Williams grew up in Newark, NJ until he was 14 years old, when his parents "decided to become part of urban flight" and moved the family and, later, the family business out of Newark. Williams explains that this "urban flight," and Newark in particular as a sort of early negative model of urban devastation through flight to the suburbs, has long fascinated and concerned him. He recognizes that Newark -- the city and its people -- face significant economic and other problems still, but he is also pleased that the city is seeing "a renaissance that has, so far, allowed it to recover to the point where, among other things, it can host such a large cultural event like the poetry festival. I'm very pleased by it."

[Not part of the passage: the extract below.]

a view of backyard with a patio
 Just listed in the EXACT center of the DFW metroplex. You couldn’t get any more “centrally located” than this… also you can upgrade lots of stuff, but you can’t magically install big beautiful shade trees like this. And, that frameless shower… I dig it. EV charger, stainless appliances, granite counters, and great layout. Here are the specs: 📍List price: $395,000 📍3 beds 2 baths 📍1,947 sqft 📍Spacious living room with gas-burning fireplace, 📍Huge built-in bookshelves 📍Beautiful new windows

For Williams, poems emerge from cities. His poetry draws our attention to urban spaces, to the ways in which they pulse with layers of interaction often missed. He has written many poems about Newark, and his oeuvre is full of poems about urban spaces and the everyday lived experiences within them. Interactions on trains, in particular, capture his attention. The subway in New York City and Philadelphia and the Metro in Paris run through a good deal of his "subway poems." "I've been a city person all my life," shares Williams, "and I have a kind of umbilical cord attaching me to the city. I suppose since most of civilization, for good or ill, happens in cities, they are centers of civilization for me, a kind of laboratory,"

Although Williams has written poems about the Vietnam War, the Civil Rights Movement, and other social justice movements and concerns, he does not view himself as a "social poet," as some critics have called him. "It is inevitable," insists Williams. "As a poet, you have to write about what is around you -- the good exhaultations and the bad tensions, about other people -- if you are paying attention."

Paying attention -- this is indeed the phrase that captures William' practice and production as a poet. His poetry brings such precise, careful, humane, perceptive, vital attention to out contemporary world. His characteristically long, flexible poetic lines read with probing curiosity, with a deep desire to bring attentiveness and voice to people and moments often unnoticed. And in the reading of and listening to it, we, too, are reminded of the importance of bearing witness to the complex nature of our everyday lives. This is how poetry matters.

If you find yourself traveling to the Dodge Poetry Festival on NJTransit, read the subway poem "On the Metro" along the way. Read its long, almost prose-like lines as you sit on the long, winding train. Think about the ways in which this poem offers a single extended moment on the train, intently and intimately observed. Perhaps you'll have a chance to ask Williams about the poem when you see him at the festival.